November 21, 2011
Most of us dream of eliminating the time-consuming daily chore of driving our cars to the office. But if you could sit in the back of your car and work while it drives you to the office, would you do it?
Surprisingly, that's a question you may have to answer one day. Engineers from General Motors Corp. said recently that fully autonomous vehicles will be ready to hit the streets in 2020, and that automakers will be able to offer the technology if consumers want it.
"We believe that the world [of driving] will be autonomous on demand," Alan Taub, vice president of global research and development for GM, said in an interview with Design News. "There will still be fun-to-drive situations. People do enjoy driving, but not all the time."
Taub says that many of the technologies for self-driving vehicles are already in place, and that the ones that aren't will be available by mid-decade. He cites four pillars of the fully autonomous vehicle: Full, 360 degrees situational awareness; autonomous braking and steering; global-scale, real-time digital maps; and "driver-partially-in-the-loop" technology, which would enable drivers to share the chores with the car.

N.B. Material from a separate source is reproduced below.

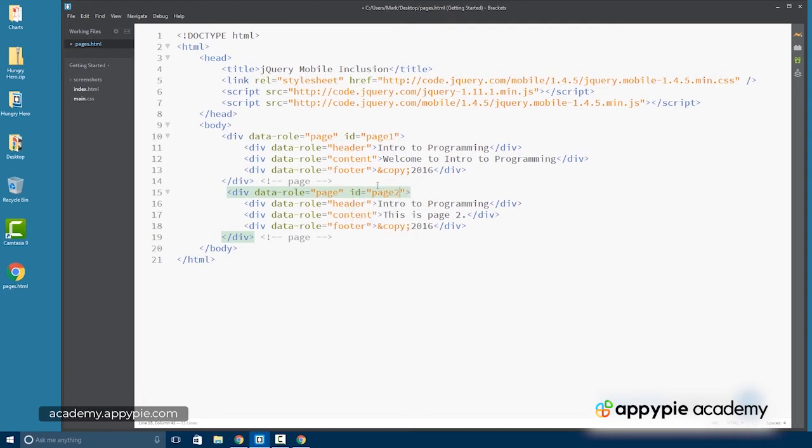And using my earlier example, this, of course, could be high scores page, gameplay page, title page, etc. You can have as many of these as you need for your individual app.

"Today, we can already do it in low-chaos environments," he told us. "If you try to go to Bombay, with very heavy congestion, people not driving in their lanes, and a mixture of pedestrian and vehicle traffic, our ability is limited. On the other hand, if you go to a freeway, where you only have to recognize vehicles and stationary objects, we can do that."
If you think that sounds a little bit too much like science fiction, then consider the DARPA Challenge events. In those events, which took place in 2004, 2005, and 2007, autonomous vehicles used cameras, radar, lasers, and tons of computing power to make their way across urban and desert courses. In 2004 and 2005, they drove over sand dunes, through valleys, along highways, and over rivers. They had to spot lines of barbed wire and so-called tank killers -- pieces of angle iron laid across the desert floor to stop their progress. And they prevailed. In 2005, five vehicles finished the 132-mile course without a shred of help. In 2007, in an urban environment, six vehicles finished.
Back then, vehicles won by employing numerous Pentium blade-type computers, digital signal processors, and field-programmable gate arrays, all of which "fused" the information from scores of sensors. The engineers who put the systems together sometimes referred to the trunkloads of computing equipment as "supercomputers on wheels."